Dataset records:
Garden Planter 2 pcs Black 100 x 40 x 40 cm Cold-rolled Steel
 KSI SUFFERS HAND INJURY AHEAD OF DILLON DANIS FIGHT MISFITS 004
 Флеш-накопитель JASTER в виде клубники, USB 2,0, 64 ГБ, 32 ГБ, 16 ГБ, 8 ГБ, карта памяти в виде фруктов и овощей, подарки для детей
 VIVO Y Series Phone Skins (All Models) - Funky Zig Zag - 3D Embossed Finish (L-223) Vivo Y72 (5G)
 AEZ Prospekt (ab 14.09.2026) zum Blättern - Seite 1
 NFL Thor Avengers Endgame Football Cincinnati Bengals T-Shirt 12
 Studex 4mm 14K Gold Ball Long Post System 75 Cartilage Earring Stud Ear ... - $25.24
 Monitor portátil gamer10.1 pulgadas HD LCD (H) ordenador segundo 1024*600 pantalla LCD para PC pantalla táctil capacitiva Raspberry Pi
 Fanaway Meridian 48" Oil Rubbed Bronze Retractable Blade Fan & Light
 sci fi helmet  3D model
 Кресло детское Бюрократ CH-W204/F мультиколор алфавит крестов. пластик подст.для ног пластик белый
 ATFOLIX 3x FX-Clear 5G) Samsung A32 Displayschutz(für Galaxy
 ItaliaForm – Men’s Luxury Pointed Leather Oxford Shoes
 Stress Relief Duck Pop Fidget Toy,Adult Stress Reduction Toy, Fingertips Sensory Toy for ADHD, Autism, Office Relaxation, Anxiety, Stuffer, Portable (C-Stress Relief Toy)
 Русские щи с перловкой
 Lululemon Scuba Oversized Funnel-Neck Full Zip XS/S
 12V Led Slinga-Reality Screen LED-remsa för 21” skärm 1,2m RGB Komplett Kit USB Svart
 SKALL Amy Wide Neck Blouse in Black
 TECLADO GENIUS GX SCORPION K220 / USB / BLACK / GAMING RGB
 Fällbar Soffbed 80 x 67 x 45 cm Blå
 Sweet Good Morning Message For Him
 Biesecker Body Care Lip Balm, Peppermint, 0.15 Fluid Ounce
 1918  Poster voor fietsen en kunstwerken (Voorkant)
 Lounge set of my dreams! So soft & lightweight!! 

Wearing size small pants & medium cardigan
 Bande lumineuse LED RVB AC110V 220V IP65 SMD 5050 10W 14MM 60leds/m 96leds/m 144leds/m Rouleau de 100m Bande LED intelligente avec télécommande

- _Problem requirements_:
Would you please filter the lines above and copy every one that includes "Neck"?

- _Written response_:
 Lululemon Scuba Oversized Funnel-Neck Full Zip XS/S
 SKALL Amy Wide Neck Blouse in Black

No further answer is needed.